The intention is evidently to pursue Adams to the utmost, to break down his constitution and will if possible, and use him as a means to break down the Federation. The policy of the capitalist prosecution is to exhaust the treasuries of the unions through continuous attacks by the courts.
Pettibone’s trial at Boise has been postponed till Friday, Nov. 29.
Rathdrum, Ida., Nov . 21.
In telling of the means used to force a confession out of him Adams said when he had made up his mind what to do he simply took his part in the comedy or tragedy, whichever one might care to call it and gave the answers to the stenographer as they were dictated.

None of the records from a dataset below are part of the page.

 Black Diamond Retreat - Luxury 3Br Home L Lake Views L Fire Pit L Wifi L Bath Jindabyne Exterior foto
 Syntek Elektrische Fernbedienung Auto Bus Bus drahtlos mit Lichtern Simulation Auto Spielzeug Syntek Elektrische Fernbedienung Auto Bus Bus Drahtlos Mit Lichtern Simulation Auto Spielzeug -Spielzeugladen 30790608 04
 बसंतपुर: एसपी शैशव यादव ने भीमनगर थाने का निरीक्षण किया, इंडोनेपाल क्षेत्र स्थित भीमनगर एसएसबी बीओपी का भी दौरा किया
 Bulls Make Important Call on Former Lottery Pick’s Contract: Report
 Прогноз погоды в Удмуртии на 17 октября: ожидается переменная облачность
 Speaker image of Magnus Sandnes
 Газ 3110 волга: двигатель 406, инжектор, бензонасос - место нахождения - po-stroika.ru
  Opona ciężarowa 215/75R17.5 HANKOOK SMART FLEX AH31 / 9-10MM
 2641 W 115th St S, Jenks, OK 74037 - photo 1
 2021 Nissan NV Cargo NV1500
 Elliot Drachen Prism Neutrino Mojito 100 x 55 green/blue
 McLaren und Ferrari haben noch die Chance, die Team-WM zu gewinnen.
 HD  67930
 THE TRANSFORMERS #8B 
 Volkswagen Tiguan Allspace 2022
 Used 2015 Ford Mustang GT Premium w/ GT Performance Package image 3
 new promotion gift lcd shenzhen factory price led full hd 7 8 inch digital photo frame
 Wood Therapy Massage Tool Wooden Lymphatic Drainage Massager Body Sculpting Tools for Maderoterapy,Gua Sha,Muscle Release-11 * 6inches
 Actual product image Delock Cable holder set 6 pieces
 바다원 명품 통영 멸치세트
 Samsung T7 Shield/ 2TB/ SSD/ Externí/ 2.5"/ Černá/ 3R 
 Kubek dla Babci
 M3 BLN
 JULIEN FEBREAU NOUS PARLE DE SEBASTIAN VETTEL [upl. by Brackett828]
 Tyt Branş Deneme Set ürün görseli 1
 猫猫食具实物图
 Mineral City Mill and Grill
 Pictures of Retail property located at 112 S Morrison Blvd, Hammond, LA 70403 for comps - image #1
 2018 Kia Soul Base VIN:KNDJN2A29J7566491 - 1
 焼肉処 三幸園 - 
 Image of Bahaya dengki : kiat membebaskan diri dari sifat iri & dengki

Adams made a strong and most fearless exposure of the damnable plot against him. He said that McParlan took him by the nose and led him through. He expressed his shame that be had weakened and had implicated other men to save his own life. Hawley worked hard all through the ordeal to shake his accusations, but Adams remained unmoved. He said all the time McParlan was working on him Orchard was coaching him in his cell.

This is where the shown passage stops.